Am Menschen Jesus von Nazareth sehen wir, wie Gott ist, wie wir uns Gott vorstellen können. In ihm ist Gott den Menschen nahegekommen, ist Gott sichtbar, berührbar und angreifbar geworden. Jesus hat sich berühren und umarmen lassen. Er hat Menschen berührt und umarmt. Diese Erfahrung haben Menschen, die mit Jesus in Berührung gekommen sind, als ein von Gott Berührtwerden erlebt. Diese Erfahrung hat sie geheilt, versöhnt, wieder ganz werden lassen, sie zu Menschen werden lassen, ihnen die verlorene Menschenwürde zurückgegeben.

LIEBE SPÜREN LASSEN

Es fällt uns schwer, an diesem Weihnachtsfest auf viele Ausdrucksformen der Nähe und des Wohlwollens zu verzichten. Wenn wir vorübergehend unser diesbezügliches Repertoire einschränken müssen, ist es umso wichtiger, einander unser gegenseitiges Wohlwollen auf andere Weisen zu zeigen und spüren zu lassen: wenn wir z.B. Kindern zulächeln und ihnen signalisieren, dass sie in dieser Welt willkommen sind; wenn wir uns von der Not von Menschen, die es aus irgendeinem Grund schwer haben, berühren lassen; wenn wir alten Menschen Zeit und Aufmerksamkeit schenken…
Dieses Wohlwollen gilt es auch in unserem politischen Engagement für eine gerechtere Welt zu zeigen, für gesunde Lebensbedingungen aller Menschen, auch wenn dieses Umdenken uns Einschränkungen und Verzicht abverlangt.
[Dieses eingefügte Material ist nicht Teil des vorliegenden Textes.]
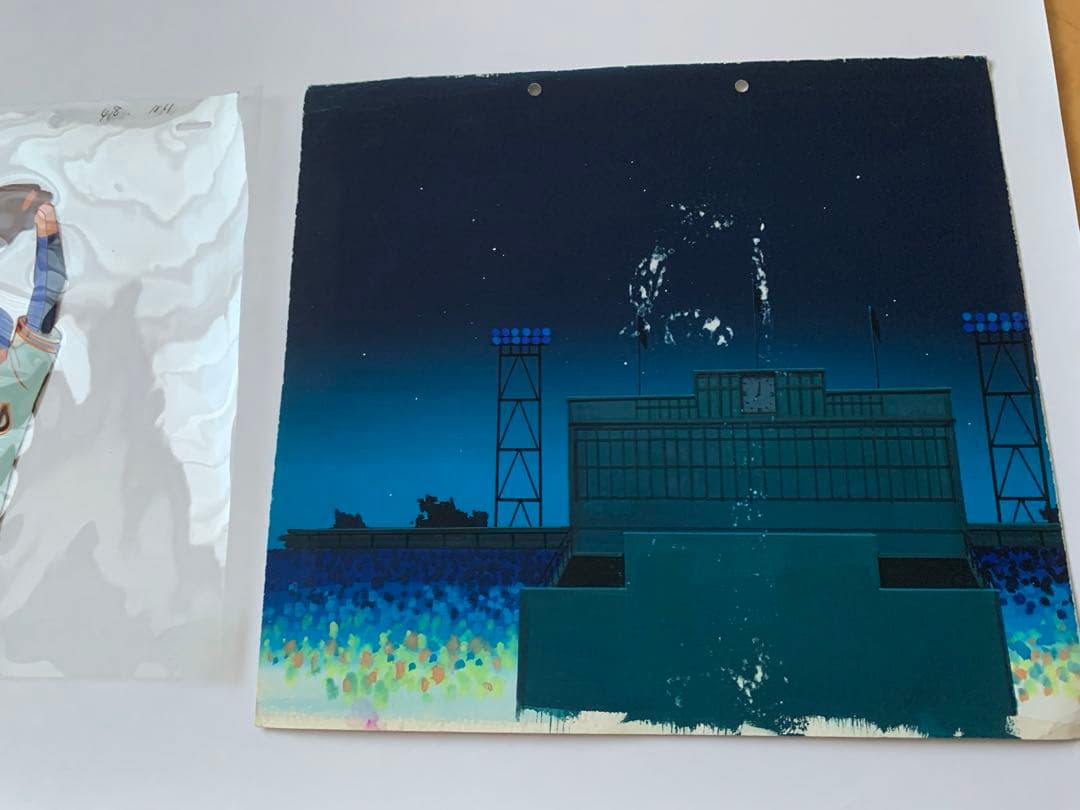 セル画 水島新司 野球狂の詩 火浦健　当時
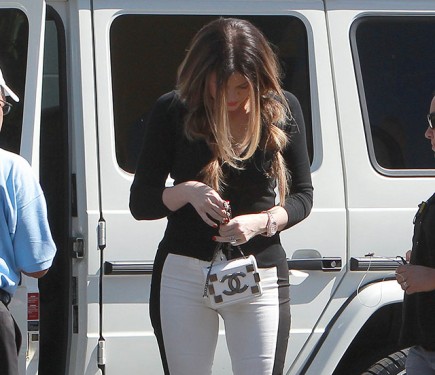 Khloe Kardashian carries a Chanel Lego Mini Flap Bag in California (5)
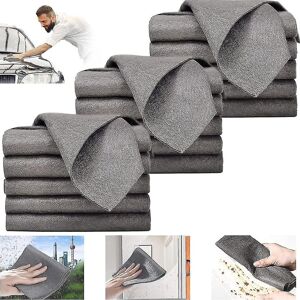 Unbranded (15Pcs, 20 x 30 cm) Thickened Magic Cleaning Cloth, Microfiber Glass Cleaning Cl Unbranded (15Pcs, 20 x 30 cm) Thickened Magic Cleaning Cloth, Microfiber Glass Cleaning Cl
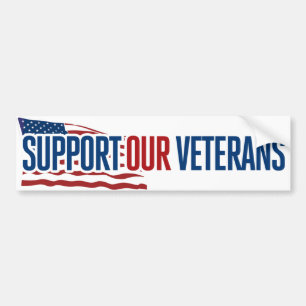Adesivo Para Carro Apoie o Dia dos Veteranos do Memorial Day Veteran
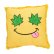 画像1: Wacky Pillowz - Leaf Eyes Smiley Face クッション (1)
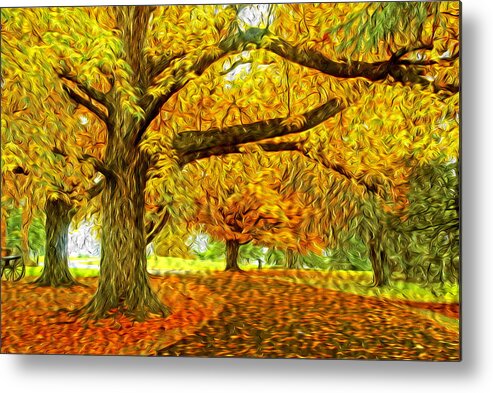 Gettysburg Metal Print featuring the photograph Fall Aglow by Paul W Faust - Impressions of Light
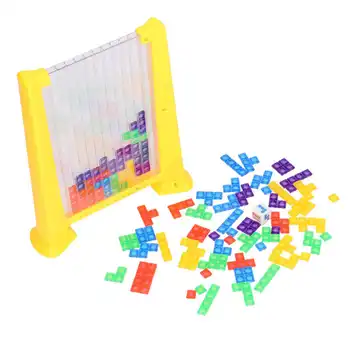 Детска играчка, с руски елементи, цветни разработване на интелигентни строителни блокове, пъзел игра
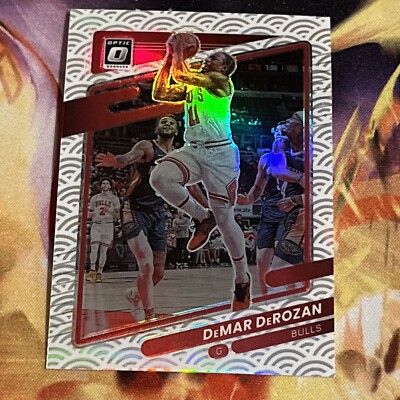 DeMAR DeROZEN 2021-22 Panini Donruss Optic H2 #28 PHOTON PRIZM  CASE HIT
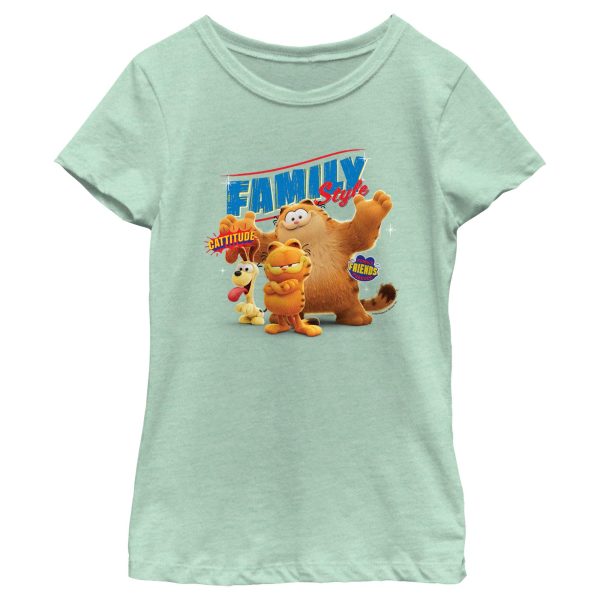 Girl_s The Garfield Movie Family Style T-Shirt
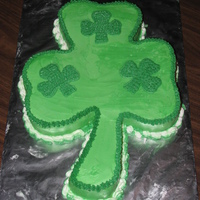 St. Patrick's Day Shamrock I made for St. Patrick's Day. WASC with buttercream frosting.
Das Krisenjahr 2021 hat uns viel Verzicht abverlangt und uns viele Einschränkungen auferlegt. Vieles ist und war zum Jammern. Manches Mal hatte ich den Eindruck, dass in den Medien verschiedene Interessensgruppen um die Wette gejammert haben. Es wurde aber nicht nur gejammert. Es ist auch viel Neues entstanden. Es wurden viele positive Kräfte geweckt: Solidaritätsbekundungen, friedliche Spaziergänge, Zuversicht im Sinne “gemeinsam schaffen wir das!”, aber auch Humor. Noch nie hat in den sozialen Medien der Witz und Schmäh so geblüht wie in den vergangenen Monaten.

UNSERE WEIHNACHTSMISSION

Auch als Gläubige konnten und können wir viele gewohnte Ausdrucksformen unseres Glaubens nicht vollziehen. Die Not hat aber im religiösen Bereich viele Menschen neue Wege finden lassen, wie wir das Geheimnis des Glaubens, wie wir die Liebe und das Wohlwollen Gottes in unserer Welt aufs Neue sichtbar und spürbar machen können.

Ein jeder von uns ist gefordert, die Frohe Weihnachtsbotschaft von der Nähe und dem Wohlwollen Gottes in seine Welt hineinzutragen. Wünschen wir einander nicht nur mit Worten sondern auch mit Blicken und anderen Zeichen des Wohlwollens ein frohes und gesegnetes Weihnachtsfest. Wenn wir so unsere Zuversicht miteinander teilen, schenken wir Weihnachtsfreude und können wir so ein wenig vom Geheimnis der fleischgewordenen Liebe Gottes einander spüren lassen.